This document describes the functions to be performed by the
Transmission Control Protocol, the program that implements it, and its
interface to programs or users that require its services.
1.1. Motivation
Computer communication systems are playing an increasingly important
role in military, government, and civilian environments. This
document focuses its attention primarily on military computer
communication requirements, especially robustness in the presence of
communication unreliability and availability in the presence of
congestion, but many of these problems are found in the civilian and
government sector as well.
As strategic and tactical computer communication networks are
developed and deployed, it is essential to provide means of
interconnecting them and to provide standard interprocess
communication protocols which can support a broad range of
applications.

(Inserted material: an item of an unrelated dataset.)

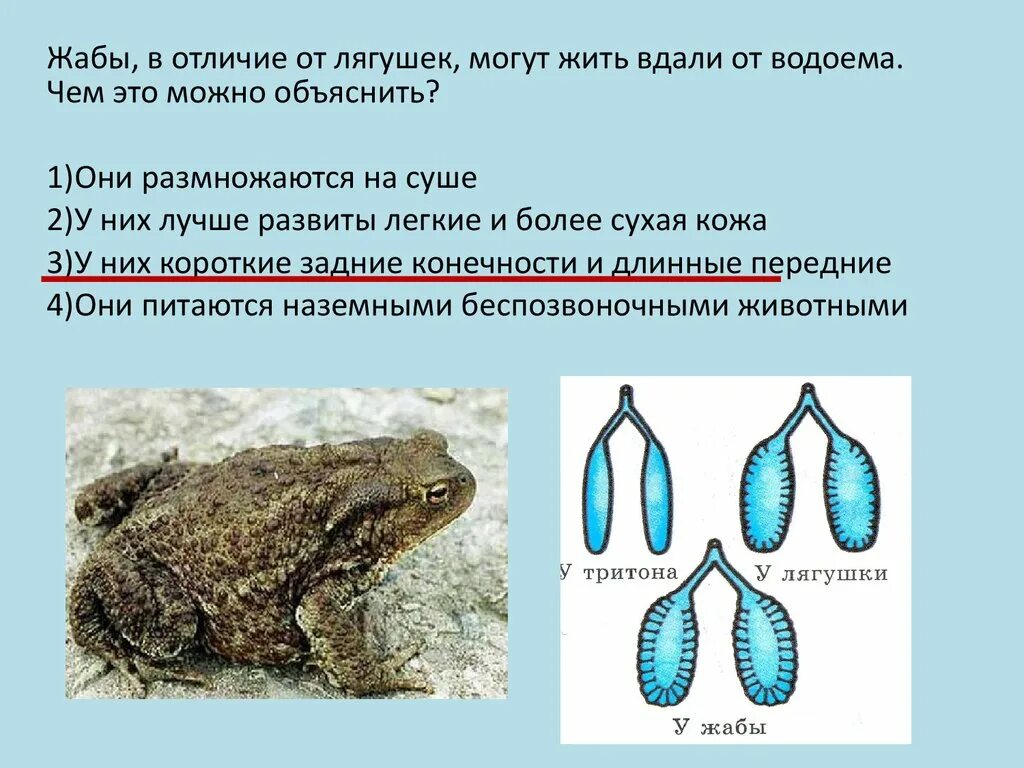 Тест по биологии 7 амфибии. Проверочная работа по теме амфибии. Жаба и лягушка отличия. Размножается на суше. Тест по теме земноводные.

In anticipation of the need for such standards, the
Deputy Undersecretary of Defense for Research and Engineering has
declared the Transmission Control Protocol (TCP) described herein to
be a basis for DoD-wide inter-process communication protocol
standardization.
TCP is a connection-oriented, end-to-end reliable protocol designed to
fit into a layered hierarchy of protocols which support multi-network
applications. The TCP provides for reliable inter-process
communication between pairs of processes in host computers attached to
distinct but interconnected computer communication networks. Very few
assumptions are made as to the reliability of the communication
protocols below the TCP layer. TCP assumes it can obtain a simple,
potentially unreliable datagram service from the lower level
protocols. In principle, the TCP should be able to operate above a
wide spectrum of communication systems ranging from hard-wired
connections to packet-switched or circuit-switched networks.
[Page 1]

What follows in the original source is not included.